Valerie Jenness

Professor of Criminology, Law and Society, University of California, Irvine

Areas of Expertise

  • Prostitution
  • Hate crime
  • Prisons
  • Prison violence
  • Transgender prisoners
  • Corrections

Key Findings

  • Almost 75% of prisoners filed at least one grievance while in a California prison. MORE
  • Of the prisoners that filed one grievance, more than 75% had filed more than once, some having filed dozens. MORE
  • When the grievance is granted, the prisoner is likely to be satisfied with the outcome and the procedures through which it was managed; when the grievance is not granted, the prisoner is likely to be dissatisfied with the outcome and management of the issue. MORE

Biography

Valerie Jenness, Professor of Criminology, Law and Society at the University of California, Irvine, is an expert in prison violence, prostitutions’ rights movement, hate crime, deviance and social control, the politics of crime control, social movements, corrections and public policy.

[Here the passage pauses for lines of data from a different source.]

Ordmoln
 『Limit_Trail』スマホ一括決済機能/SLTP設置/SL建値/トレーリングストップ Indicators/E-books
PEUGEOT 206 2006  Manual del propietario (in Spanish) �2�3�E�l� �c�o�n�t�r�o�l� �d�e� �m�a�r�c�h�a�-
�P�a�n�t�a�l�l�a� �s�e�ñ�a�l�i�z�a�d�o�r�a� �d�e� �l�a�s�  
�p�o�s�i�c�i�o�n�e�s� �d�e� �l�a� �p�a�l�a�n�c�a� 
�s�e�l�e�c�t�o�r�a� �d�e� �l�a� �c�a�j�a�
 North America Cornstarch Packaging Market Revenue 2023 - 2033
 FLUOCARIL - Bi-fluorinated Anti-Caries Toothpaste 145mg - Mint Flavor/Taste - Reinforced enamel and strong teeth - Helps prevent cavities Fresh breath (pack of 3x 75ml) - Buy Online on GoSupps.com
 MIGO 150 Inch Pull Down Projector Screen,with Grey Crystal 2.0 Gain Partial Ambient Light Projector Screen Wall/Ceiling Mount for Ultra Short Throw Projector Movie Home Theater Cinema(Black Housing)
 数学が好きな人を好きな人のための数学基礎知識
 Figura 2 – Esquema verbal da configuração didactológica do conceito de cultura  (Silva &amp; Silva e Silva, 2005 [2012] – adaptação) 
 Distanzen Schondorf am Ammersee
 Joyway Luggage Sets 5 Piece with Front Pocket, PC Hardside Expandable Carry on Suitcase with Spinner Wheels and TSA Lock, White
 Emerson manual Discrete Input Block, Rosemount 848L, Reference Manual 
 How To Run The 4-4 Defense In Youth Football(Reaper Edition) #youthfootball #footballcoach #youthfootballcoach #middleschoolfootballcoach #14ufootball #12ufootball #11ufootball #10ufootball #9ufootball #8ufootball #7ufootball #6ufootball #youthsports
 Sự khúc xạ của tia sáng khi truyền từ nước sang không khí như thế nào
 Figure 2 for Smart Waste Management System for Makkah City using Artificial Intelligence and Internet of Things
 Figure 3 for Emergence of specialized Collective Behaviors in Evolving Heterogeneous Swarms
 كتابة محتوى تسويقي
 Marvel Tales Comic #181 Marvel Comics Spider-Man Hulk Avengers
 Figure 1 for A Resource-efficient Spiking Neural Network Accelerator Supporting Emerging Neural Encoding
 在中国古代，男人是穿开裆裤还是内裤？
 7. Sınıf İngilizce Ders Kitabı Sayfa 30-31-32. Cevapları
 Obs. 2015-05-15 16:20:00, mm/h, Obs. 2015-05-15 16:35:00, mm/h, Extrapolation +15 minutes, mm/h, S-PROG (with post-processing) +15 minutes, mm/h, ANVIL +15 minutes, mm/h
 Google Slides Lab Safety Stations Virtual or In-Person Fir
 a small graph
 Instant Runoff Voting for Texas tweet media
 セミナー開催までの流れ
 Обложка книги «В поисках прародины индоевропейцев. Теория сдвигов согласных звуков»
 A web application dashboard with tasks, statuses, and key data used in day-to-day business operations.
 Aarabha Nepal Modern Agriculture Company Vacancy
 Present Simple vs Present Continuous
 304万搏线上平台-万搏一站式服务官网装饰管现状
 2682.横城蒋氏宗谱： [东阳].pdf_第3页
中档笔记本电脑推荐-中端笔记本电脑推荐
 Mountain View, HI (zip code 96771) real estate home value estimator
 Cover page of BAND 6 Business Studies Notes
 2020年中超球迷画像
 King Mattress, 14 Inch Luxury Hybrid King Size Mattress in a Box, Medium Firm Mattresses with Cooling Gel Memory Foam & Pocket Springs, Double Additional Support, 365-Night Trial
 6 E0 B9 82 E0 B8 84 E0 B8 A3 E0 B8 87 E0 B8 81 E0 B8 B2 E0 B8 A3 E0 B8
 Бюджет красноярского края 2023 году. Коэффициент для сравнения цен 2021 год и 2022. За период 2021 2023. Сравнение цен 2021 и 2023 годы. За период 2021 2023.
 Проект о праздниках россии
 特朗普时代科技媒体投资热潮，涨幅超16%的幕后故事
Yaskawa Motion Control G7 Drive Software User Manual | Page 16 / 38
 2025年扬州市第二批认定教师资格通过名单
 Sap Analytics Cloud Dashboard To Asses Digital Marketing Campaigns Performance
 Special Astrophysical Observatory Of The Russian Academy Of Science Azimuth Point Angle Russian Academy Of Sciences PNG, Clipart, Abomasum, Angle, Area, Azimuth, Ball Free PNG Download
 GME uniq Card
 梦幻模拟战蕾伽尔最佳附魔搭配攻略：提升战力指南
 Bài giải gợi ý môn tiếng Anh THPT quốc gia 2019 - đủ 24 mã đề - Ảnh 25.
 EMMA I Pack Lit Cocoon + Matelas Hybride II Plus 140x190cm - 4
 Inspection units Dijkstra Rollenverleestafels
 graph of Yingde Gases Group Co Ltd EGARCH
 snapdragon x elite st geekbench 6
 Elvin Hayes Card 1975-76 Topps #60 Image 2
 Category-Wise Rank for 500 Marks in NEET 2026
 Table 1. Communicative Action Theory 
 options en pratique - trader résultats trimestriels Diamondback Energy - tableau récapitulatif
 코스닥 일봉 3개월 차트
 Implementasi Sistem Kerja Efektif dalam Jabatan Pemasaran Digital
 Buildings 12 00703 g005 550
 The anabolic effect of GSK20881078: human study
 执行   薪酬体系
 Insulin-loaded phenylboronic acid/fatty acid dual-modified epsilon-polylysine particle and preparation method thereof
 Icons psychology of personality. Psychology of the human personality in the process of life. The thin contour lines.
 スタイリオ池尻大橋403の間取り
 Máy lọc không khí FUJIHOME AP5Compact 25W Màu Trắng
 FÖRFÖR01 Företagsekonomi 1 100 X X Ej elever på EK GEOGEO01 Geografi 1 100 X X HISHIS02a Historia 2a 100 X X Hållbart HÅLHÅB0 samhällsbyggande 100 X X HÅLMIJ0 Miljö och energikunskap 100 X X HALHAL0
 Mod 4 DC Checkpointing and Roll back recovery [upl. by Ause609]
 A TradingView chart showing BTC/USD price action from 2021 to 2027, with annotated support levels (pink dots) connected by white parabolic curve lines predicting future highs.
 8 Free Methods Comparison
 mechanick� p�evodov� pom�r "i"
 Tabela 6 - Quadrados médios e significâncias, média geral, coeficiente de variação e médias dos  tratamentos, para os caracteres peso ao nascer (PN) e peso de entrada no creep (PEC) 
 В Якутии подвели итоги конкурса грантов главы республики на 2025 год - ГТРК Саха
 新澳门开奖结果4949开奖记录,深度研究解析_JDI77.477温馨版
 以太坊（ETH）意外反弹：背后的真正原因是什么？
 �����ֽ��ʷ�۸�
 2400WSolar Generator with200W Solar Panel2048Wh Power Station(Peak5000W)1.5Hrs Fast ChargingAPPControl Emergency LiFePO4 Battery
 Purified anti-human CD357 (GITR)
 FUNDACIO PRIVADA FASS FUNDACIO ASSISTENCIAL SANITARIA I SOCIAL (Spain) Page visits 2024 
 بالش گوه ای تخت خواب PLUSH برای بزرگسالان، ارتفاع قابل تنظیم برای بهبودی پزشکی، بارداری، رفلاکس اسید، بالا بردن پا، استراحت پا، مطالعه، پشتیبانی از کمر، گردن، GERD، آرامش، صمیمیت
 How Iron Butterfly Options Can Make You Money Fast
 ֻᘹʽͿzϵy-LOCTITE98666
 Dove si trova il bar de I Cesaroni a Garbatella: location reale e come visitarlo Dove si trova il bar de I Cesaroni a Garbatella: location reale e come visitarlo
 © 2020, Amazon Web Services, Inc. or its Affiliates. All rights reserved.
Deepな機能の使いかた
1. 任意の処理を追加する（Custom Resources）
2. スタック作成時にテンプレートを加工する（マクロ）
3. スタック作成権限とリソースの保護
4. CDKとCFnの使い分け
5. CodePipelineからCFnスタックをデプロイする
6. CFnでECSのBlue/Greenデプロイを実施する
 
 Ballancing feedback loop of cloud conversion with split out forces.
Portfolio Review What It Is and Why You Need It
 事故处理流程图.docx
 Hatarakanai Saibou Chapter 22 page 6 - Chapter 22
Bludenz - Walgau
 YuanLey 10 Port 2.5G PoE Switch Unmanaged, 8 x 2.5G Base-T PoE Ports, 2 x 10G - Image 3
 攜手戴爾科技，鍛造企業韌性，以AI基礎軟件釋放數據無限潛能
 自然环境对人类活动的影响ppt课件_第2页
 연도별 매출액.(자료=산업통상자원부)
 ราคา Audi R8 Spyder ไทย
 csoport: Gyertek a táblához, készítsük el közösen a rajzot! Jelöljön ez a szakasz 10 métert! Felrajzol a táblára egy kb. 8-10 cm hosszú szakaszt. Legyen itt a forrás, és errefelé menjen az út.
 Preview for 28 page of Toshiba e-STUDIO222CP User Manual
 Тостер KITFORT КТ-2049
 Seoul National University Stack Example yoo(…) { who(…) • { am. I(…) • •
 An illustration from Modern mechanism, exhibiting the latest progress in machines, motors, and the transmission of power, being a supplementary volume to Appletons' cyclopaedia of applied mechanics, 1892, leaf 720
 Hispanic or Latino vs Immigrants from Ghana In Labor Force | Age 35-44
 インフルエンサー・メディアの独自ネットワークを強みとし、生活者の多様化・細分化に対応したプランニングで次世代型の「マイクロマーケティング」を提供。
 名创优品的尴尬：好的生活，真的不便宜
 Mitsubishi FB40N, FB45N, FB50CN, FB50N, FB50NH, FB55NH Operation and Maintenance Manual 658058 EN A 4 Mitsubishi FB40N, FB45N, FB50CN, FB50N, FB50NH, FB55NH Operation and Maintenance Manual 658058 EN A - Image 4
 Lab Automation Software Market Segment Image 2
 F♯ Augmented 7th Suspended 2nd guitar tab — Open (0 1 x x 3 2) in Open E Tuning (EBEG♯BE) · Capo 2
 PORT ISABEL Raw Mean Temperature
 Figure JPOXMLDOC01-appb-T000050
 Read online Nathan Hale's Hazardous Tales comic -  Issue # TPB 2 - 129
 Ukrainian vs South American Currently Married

Jenness was a visiting professor in the Department of Sociology at the University of California, Santa Barbara and a senior visiting scholar at the Institute for Research on Women and Gender at the University of Michigan. Jenness previously served as dean of the School of Social Ecology at the University of California, Irvine and chair of the Department of Criminology, Law and Society. She was the co-editor of the journal, Contemporary Sociology, and past president of the Pacific Sociological Association as well as the Society for the Study of Social Problems.

She has been published in numerous academic journals and is the author of several books, including “Appealing to Justice: Prisoner Grievances, Rights, and Carceral Logic” and “Making Hate a Crime: From Social Movement to Law Enforcement Practice.”

Jenness received her Ph.D. and M.A. from the University of California, Santa Barbara and her B.S. from Central Washington University.